The W204 C63 AMG Estate really is becoming one of those cars that enthusiasts look back on and wonder how manufacturers were ever allowed to build something like this in the first place.
A naturally aspirated 6.2-liter AMG V8 stuffed into what is essentially a practical family wagon feels almost impossible by today’s standards, especially when you remember this was still from the era before every performance car became turbocharged, filtered, softened, and overloaded with screens pretending to create emotion.
What makes this one interesting though is how honest it feels.
The seller is not pretending it’s a delivery-mile museum piece. They openly mention the mixed tyres, the small blemishes, the rear wiper issue, the service history confusion, and even corrected themselves publicly when the listing accidentally referred to a timing belt instead of the auxiliary belt on the M156 engine. That kind of transparency actually builds confidence because it feels like someone talking about a car properly rather than trying to oversell it.
And honestly, the spec works really well here too. Palladium Silver over the rare Designo Sand interior gives it that understated old-school AMG look where the people who understand the car will notice it immediately, while everyone else just sees another Mercedes estate.

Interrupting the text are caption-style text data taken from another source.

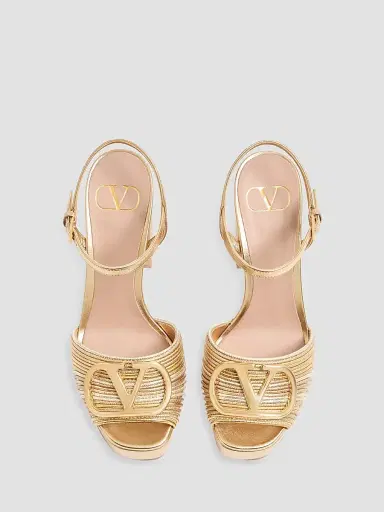 Valentino Garavani Women's VLogo Signature Metallic Platform 115MM Sandals | Thumbnail 3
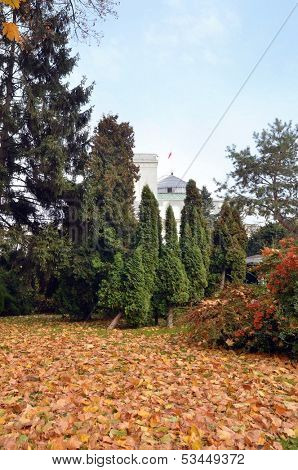 Polish Parliament Seym autumn view
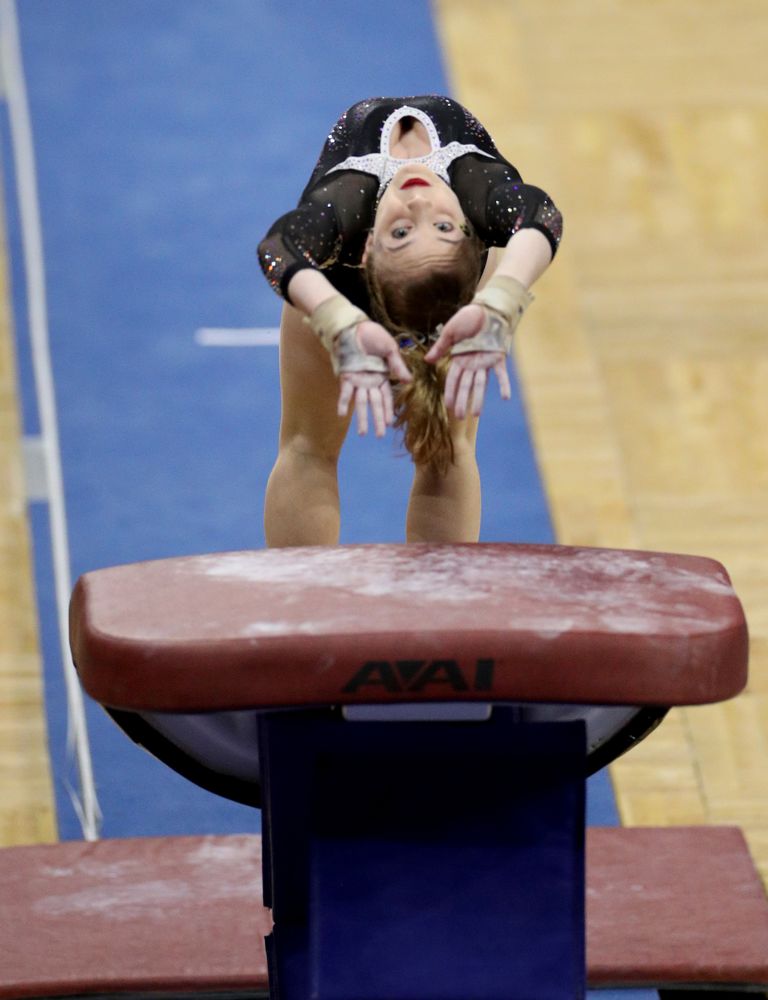 Iowa’s Lauren Guerin competes on the vault against Michigan State Saturday, February 1, 2020 at Carver-Hawkeye Arena. (Brian Ray/hawkeyesports.com)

That is part of the appeal with these. They are discreet until you start them.
Then suddenly you remember why enthusiasts are becoming obsessed with this generation of AMG. The sound, the drama, the fact Mercedes somehow signed off on a huge naturally aspirated V8 wagon that can comfortably haul a family one minute and sound like a touring car the next. Cars like this are the reason many enthusiasts still chase older performance cars instead of newer ones.
This E30 convertible is a good reminder that you do not need an M3 badge for an E30 to feel special anymore, because the right color, the right stance, and the right modifications are often enough to completely transform these cars.
The M-Tech II kit really makes the car here because a standard E30 convertible can sometimes look a little soft, whereas this actually has proper presence. The Bilsteins, H&R springs, and BBS-style wheels give it that classic old-school enthusiast look that somehow feels cooler now than it probably did twenty years ago.
And honestly, I almost like that this is a 318i instead of trying too hard to be something else. Not every E30 needs to be a full M3 clone or a garage queen nobody wants to drive. This feels more like the kind of E30 people actually want to use. Manual gearbox, top down, lightweight feel, simple analog driving experience, and just enough tasteful modifications to make it interesting without ruining the character of the car.
The seller also deserves credit because the listing feels honest. They openly mention the dash crack, A-pillar rust, soft top wear, repaint work, and answer questions directly instead of pretending the car is perfect. That matters because E30 buyers know exactly where these cars can go wrong.
I also think the seller understood exactly what kind of buyer this car appeals to because the whole presentation leans into the look and feel of the car rather than trying to oversell performance numbers. The reality is most people looking at an E30 convertible today are buying into the experience, the styling, and the nostalgia just as much as the car itself.